Here you thought I ignored my studies to do a lot of screwing around!  Nonsense.  As serious students, we always recited our class notes during sex.  In fact, that is the main reason people like the dirty talk in the bedroom.  Have you ever said anything naughty that your partner forgot?  Nope, they remember every last thing you said in bed and try to hold you to it.  A lot of jewelry gets sold that way.

Did you know that two people can squeeze into an orgone box?  They can!  If you can have sex in an airplane bathroom, you can make it in an orgone box!  Although that isn’t the point.  One of these days I promise that I will write a blog about Wilhelm Reich.  His work is fascinating.

Back to my vacation!  Out of nine, I had seven days of Science, Sex and Ice Cream.  Hmm, Seven of Nine does make me think about Science, Sex and Ice Cream, although not in that exact order.

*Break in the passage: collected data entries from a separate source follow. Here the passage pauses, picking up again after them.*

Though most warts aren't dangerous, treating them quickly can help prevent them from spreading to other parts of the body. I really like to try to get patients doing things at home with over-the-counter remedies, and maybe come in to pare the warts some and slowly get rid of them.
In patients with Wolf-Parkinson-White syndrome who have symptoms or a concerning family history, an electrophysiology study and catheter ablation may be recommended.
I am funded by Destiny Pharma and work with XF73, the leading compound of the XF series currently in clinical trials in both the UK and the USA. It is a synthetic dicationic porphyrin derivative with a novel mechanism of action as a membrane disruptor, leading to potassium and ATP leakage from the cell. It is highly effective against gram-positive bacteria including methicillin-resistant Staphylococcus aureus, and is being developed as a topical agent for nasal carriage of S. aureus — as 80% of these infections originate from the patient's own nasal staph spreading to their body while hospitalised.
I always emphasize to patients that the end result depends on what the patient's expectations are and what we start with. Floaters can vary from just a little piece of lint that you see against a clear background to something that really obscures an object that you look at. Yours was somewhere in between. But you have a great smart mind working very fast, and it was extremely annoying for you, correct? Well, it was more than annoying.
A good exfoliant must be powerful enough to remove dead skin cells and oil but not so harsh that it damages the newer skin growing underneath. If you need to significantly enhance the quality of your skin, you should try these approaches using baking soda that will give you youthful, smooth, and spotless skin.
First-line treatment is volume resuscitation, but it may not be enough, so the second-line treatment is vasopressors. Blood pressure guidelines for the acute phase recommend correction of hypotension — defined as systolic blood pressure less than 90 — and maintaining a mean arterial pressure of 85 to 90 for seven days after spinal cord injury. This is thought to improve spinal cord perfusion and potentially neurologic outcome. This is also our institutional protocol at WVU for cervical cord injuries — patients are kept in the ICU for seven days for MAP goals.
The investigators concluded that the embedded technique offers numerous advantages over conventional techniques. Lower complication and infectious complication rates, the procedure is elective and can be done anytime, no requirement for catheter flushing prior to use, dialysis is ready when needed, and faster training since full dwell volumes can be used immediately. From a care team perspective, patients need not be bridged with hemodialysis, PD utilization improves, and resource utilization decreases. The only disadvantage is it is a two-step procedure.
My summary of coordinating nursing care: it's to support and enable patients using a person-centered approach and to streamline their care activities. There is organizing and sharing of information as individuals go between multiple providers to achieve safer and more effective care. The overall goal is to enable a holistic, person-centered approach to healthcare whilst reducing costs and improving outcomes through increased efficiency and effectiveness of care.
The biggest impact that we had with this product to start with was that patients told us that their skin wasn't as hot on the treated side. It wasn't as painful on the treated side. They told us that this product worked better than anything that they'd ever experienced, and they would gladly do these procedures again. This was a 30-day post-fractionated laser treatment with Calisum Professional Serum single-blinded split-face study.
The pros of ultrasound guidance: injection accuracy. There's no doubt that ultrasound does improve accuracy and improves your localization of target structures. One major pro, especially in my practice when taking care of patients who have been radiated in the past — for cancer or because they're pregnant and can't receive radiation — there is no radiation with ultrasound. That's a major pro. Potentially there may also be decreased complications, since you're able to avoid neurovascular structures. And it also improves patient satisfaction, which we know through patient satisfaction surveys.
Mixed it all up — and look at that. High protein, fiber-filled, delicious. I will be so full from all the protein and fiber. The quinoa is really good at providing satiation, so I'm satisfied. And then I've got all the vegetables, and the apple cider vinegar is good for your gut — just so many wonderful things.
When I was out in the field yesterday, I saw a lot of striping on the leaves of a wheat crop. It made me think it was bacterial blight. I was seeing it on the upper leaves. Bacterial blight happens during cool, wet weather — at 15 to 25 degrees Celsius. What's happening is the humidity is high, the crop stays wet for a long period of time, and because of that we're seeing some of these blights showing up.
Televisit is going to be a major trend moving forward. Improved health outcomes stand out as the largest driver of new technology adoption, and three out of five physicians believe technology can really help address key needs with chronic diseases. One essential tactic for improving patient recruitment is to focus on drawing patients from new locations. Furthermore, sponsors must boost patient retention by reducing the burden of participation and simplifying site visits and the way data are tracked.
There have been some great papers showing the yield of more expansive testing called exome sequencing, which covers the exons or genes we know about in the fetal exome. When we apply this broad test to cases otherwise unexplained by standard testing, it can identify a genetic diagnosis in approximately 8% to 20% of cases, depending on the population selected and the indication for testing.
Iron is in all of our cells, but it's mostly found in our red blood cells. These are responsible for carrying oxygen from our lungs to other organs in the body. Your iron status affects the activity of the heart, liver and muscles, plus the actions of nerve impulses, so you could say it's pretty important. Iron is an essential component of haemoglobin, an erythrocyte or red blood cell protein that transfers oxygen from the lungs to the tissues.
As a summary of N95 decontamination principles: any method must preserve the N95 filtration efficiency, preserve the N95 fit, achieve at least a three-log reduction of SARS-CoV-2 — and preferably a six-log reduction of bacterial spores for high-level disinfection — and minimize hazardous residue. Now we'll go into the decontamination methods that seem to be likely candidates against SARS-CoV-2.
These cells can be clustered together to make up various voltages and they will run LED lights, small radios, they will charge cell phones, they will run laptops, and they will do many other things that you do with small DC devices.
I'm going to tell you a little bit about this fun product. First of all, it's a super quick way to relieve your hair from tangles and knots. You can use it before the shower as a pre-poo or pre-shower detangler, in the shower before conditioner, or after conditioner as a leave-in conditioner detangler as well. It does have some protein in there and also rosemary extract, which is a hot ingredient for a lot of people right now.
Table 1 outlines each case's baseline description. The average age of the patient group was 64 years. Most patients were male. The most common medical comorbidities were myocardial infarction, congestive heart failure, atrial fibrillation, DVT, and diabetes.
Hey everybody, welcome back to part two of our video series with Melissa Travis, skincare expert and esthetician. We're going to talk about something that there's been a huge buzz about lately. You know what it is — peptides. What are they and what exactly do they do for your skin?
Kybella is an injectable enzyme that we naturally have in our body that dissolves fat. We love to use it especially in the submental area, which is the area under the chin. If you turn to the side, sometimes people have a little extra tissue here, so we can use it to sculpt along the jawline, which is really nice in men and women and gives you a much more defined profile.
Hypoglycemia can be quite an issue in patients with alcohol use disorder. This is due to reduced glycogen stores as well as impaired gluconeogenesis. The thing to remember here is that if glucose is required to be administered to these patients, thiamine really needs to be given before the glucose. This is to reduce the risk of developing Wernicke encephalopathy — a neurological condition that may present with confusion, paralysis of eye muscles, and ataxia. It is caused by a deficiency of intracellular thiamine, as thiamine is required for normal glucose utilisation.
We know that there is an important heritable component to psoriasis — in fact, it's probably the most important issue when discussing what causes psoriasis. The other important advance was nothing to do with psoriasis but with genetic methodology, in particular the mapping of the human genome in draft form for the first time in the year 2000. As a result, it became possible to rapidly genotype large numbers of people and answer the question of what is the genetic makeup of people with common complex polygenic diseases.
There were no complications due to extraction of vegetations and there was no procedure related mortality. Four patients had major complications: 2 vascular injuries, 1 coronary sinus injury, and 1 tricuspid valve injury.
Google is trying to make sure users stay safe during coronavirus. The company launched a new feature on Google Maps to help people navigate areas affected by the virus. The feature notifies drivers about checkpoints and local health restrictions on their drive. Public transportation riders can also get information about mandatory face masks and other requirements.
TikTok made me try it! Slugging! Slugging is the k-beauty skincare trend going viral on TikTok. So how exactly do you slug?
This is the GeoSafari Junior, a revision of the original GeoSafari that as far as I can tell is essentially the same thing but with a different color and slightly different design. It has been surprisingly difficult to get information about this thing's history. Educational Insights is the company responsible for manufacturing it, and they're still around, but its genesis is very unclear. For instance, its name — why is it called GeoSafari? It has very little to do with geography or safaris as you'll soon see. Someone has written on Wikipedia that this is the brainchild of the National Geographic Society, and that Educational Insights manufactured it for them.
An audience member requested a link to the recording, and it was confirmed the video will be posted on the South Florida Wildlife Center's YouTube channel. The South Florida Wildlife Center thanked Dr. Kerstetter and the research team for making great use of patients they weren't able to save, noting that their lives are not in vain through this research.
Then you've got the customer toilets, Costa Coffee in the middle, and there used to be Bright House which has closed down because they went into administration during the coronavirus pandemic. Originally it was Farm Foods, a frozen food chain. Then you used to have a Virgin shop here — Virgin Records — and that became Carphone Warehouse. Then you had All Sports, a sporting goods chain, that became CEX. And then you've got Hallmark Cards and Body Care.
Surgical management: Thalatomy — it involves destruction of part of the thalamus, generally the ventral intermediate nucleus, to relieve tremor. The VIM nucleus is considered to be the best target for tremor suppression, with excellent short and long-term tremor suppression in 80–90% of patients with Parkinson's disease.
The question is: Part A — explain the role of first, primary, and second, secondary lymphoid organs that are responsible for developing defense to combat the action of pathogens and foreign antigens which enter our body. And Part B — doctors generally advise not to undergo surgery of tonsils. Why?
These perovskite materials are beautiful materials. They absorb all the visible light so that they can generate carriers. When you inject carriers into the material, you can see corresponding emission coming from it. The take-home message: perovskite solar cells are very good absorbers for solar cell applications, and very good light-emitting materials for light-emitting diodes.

However, serious study needs a serious study group.  How fortunate that I know such a group who could really help me concentrate on my studies.  Anything that could happen, did happen!  There were tons of official Doc Johnson toys and lubes which everyone shared to their hearts’ content.  There were strap-ons, oral sex, anal, sex, vaginal sex, armpit sex, straight, gay, trans, couples, singles and more!  Best smorgasm-borg ever!  We really got into some interesting experiments of spacial geometry and I do believe we defied the laws of physics and anatomy more than once.  How many dimensions do we occupy during orgasm?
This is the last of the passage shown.